The biggest and best clinical trials on vitamin D have focused on bone health, and even here the results have been somewhat inconsistent. That’s not surprising because clinical trials on D vary widely in many ways—notably in the amount of the vitamin tested, the dosing regimen, the age and health of the subjects, whether they consumed adequate calcium, their initial blood levels of vitamin D (if this was even measured), and whether the amount taken was enough to raise blood levels to the optimal range (however that was defined).
Still, as we've concluded previously, the evidence overall supports supplementation with vitamin D and calcium for bone health for people with inadequate intakes. This was confirmed in July 2014 in an updated review by the Cochrane Collaboration that focused on fracture risk. Vitamin D also helps maintain muscle function and balance, which can help prevent fractures by reducing the risk of falls in older people.
Nearly all of the clinical trials on vitamin D for potential non-skeletal benefits have been relatively small and short and thus preliminary. Many were limited by the fact that they did not measure baseline levels of vitamin D (supplements are unlikely to benefit people who already have adequate blood levels) or used low doses of D that were unlikely to raise low blood levels adequately.
That’s why everyone is eagerly awaiting the results of several long, large, well-designed clinical trials testing high doses of vitamin D for non-skeletal outcomes that are underway. For instance, the Vitamin D and Omega-3 Trial (VITAL) from Harvard involves more than 25,000 people who are taking 2,000 IU of vitamin D a day (and/or omega-3 pills or a placebo) for an average of five years; the endpoints are cancer and heart disease. First results are expected in 2017; those from three other important trials won’t come out until 2020. Why haven’t such trials been done until now? Largely because they are so expensive, and there are no drug companies to fund them. The Harvard study will reportedly cost $22 million, funded by taxpayer dollars from the National Institutes of Health.

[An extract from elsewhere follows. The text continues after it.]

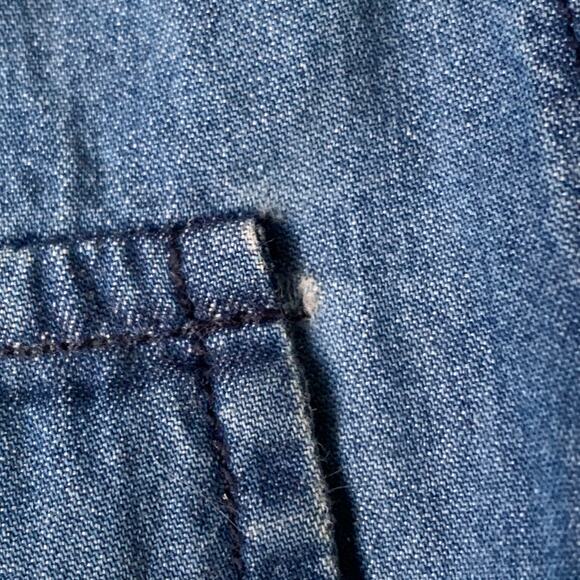 Tasha Polizzi Collection Denim Jean Button Up Shirt Embroidered Patchwork Size M - Picture 16 of 16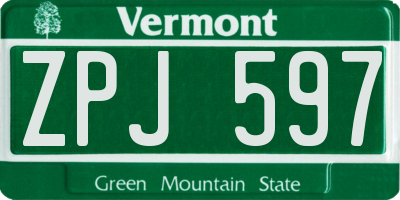 VT license plate ZPJ597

Dueling reviews and analyses
In recent years there have also been hundreds of systematic research reviews and meta-analyses on vitamin D, involving millions of people. Meta-analyses combine data from many smaller observational studies or clinical trials to achieve greater statistical power. Such analyses tend to generate lots of publicity, even though they add no new data and reshuffle similar sets of studies. Moreover, depending on how the studies are selected for inclusion and then analyzed, they often reach conflicting conclusions and cause controversy.
Many observational studies and clinical trials on vitamin D in older people have included data on mortality rates. Most reviews and meta-analyses of such studies suggest that vitamin D helps prolong lives, though clinical trials generally find a more modest benefit than observational studies.
As if that wasn’t enough, a so-called “umbrella review” of research on vitamin D appeared in BMJ early in 2015. It included 107 systemic reviews and 74 meta-analyses on vitamin D and looked at 137 conditions or other outcomes. Its conclusion: Nearly all of the proposed benefits remain uncertain, primarily because of a lack of large, well-designed clinical trials.